Up here (Boston) we have beer summits quarterly where you can go, sample shit and mingle with prospective distributors, breweries. Do you have/attend anything like that down in Sarasota? Personally, I love it. I used to all the time, not so much anymore. I love them too! The challenge was figuring out the travel situation as I do not drive after a couple beers.
I love beer myself, but mostly IPA's. I do the occasional stout or bock, but mainly stay the hoppy route. So my main question is, what would your favorite commercially available IPA be, and what would be the worst for you? (think larger chain grocers, etc.) I love the blend of belgian and IPA, check out Houblon Chouffe and Stone's Cali-Belgique.
Worst: Saranac IPA comes to mind.
I know you've had a lot of Cigar City being close to the Brewery, what is your favorite? White Oak Jai Alai is definitely my staple favorite. I do love the Tocobaga out of a can a LOT. All their beers are amazing, never been let down.
I'm a huge fan of Dunkelweizens but have so much trouble finding them! Heffes are a bit too light for my tastes. Are there any Dunkels you'd recommend I try to hunt down? The easiest to find is probably Franziskaner Dunkel. Most big beer stores will carry it and its fantastic.

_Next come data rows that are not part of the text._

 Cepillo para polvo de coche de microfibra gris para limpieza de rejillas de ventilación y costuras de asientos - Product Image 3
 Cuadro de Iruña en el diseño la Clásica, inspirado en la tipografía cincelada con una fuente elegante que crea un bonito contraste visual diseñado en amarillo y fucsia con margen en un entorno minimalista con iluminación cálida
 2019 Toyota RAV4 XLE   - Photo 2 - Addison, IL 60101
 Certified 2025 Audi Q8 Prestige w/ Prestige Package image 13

What sort of things do you teach at beer school? As in, why would I need to take your class? We do pairings.
We do style's classes, pick a style and sample different options that range to different extremes of that style, learn about the nuances that make it what it is and so on.
We have beer nerd show & tell where people bring in something unique and we all sample it while they talk about it, if they don't know anything about it I do my best to help break down what we are tasting and what the style is.
We do private beer schools where a group of 6 can reserve a two hour class where I make up a menu, usually with a theme of some sort and teach them about what we are drinking and why the theme works. Last one I did pairs. Stout & a porter together what makes the styles different. IPA and a Belgian IPA, see what the yeast does to the style by comparing and so on.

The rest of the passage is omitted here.